Problem description - Here the job is to transcribe only the lines from the one containing "Gülseli Kadın Balıkçı" through the last line below, exactly as written; please leave out pictures.

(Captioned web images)
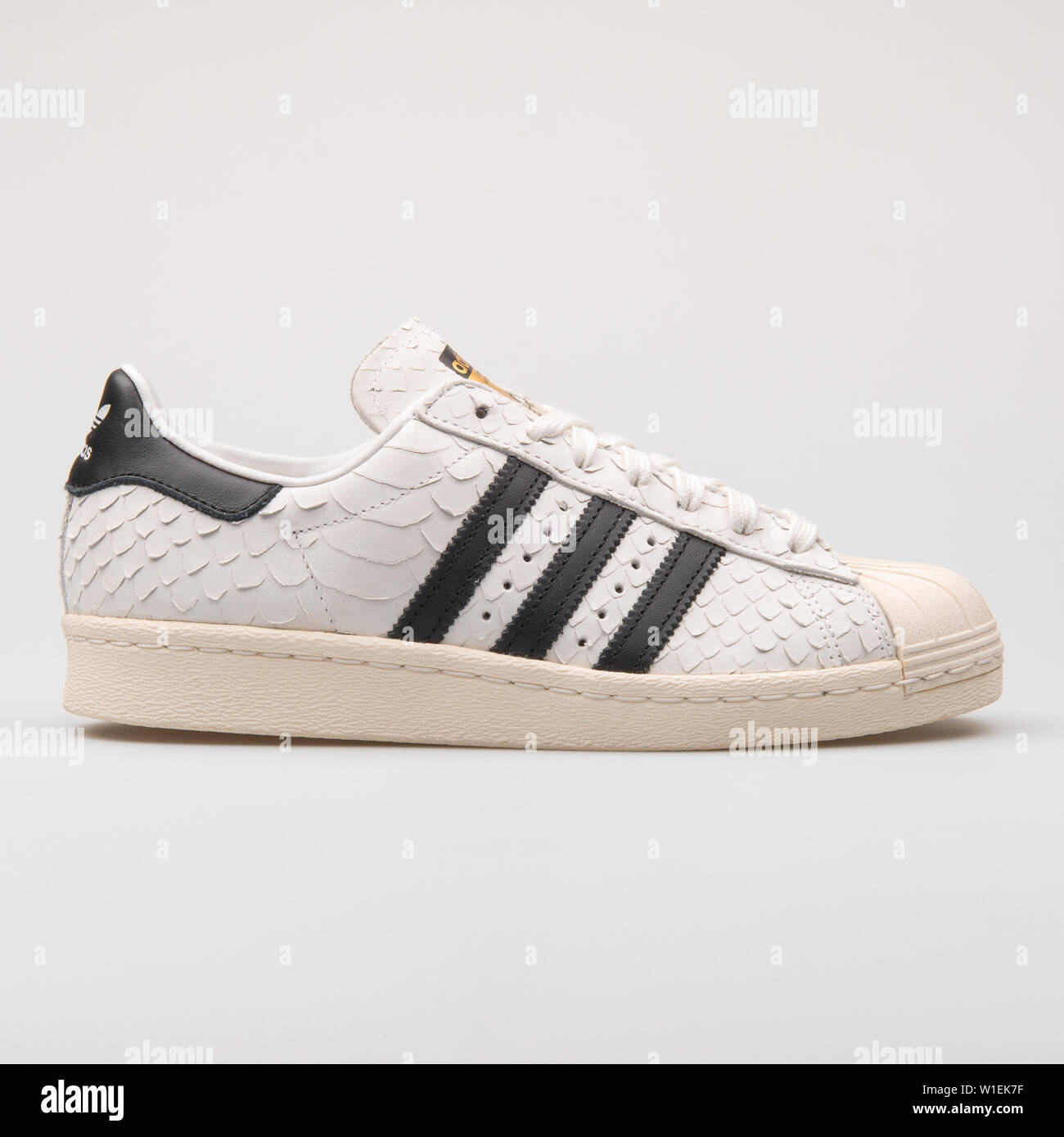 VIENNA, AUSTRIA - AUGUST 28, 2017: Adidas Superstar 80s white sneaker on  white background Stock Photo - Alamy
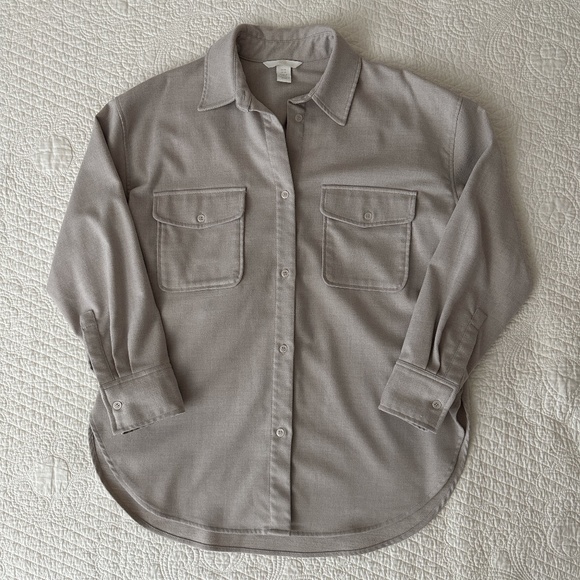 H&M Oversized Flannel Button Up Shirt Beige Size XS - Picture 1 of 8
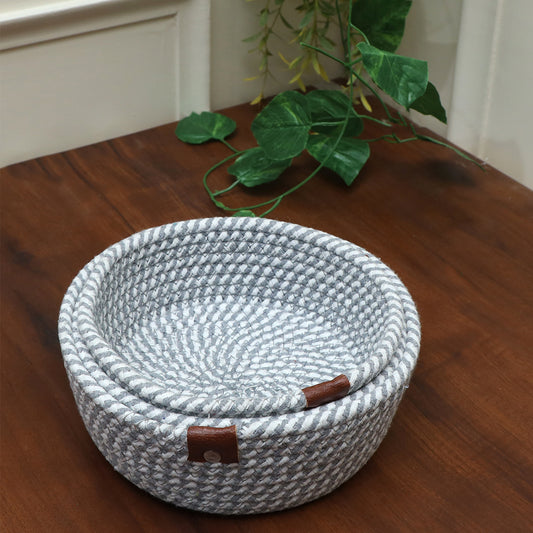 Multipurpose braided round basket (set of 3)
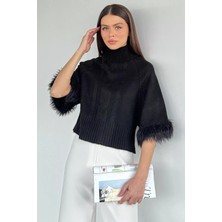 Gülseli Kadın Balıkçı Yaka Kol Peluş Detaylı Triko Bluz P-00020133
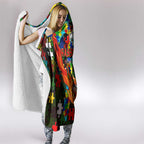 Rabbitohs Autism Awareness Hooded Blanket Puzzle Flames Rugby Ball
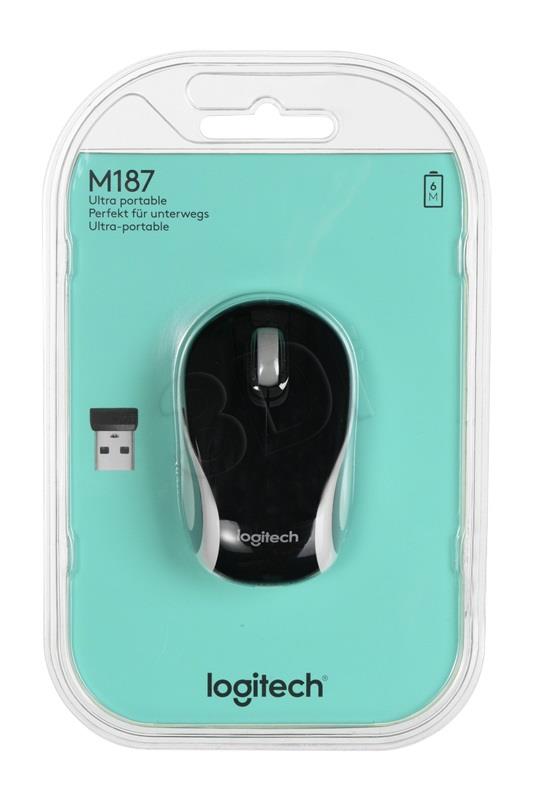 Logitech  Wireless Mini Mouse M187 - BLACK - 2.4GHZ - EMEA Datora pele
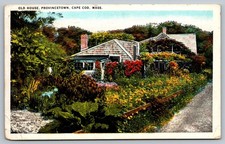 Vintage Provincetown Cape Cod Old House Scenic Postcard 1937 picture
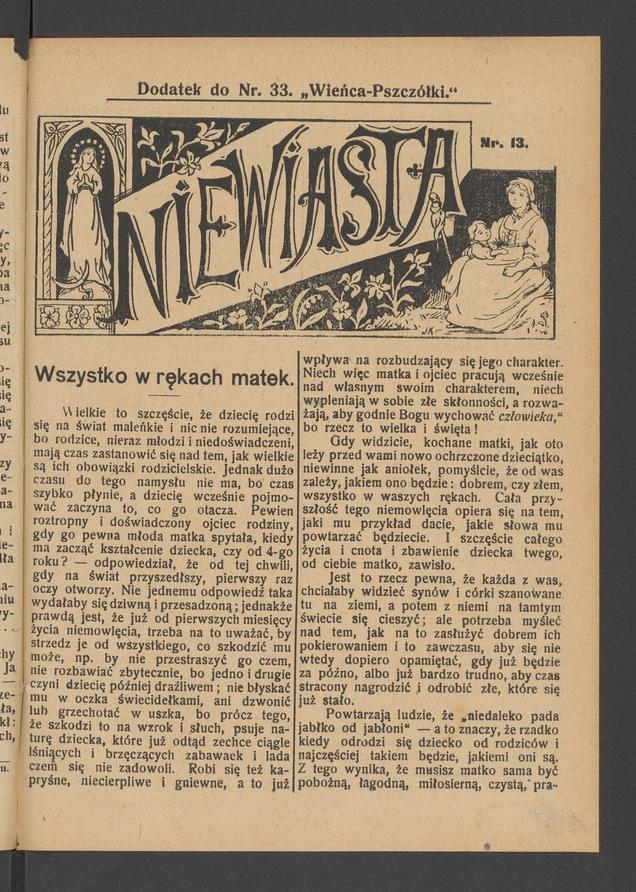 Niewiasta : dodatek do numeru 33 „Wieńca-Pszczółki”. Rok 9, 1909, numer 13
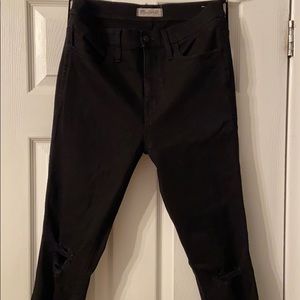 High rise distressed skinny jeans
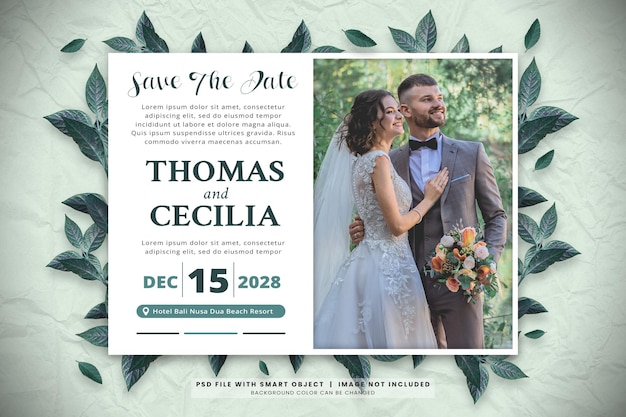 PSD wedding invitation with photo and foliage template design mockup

Finished exercise -
 Gülseli Kadın Balıkçı Yaka Kol Peluş Detaylı Triko Bluz P-00020133
 Rabbitohs Autism Awareness Hooded Blanket Puzzle Flames Rugby Ball
 Logitech  Wireless Mini Mouse M187 - BLACK - 2.4GHZ - EMEA Datora pele
 Vintage Provincetown Cape Cod Old House Scenic Postcard 1937 picture
 Niewiasta : dodatek do numeru 33 „Wieńca-Pszczółki”. Rok 9, 1909, numer 13
 High rise distressed skinny jeans
 PSD wedding invitation with photo and foliage template design mockup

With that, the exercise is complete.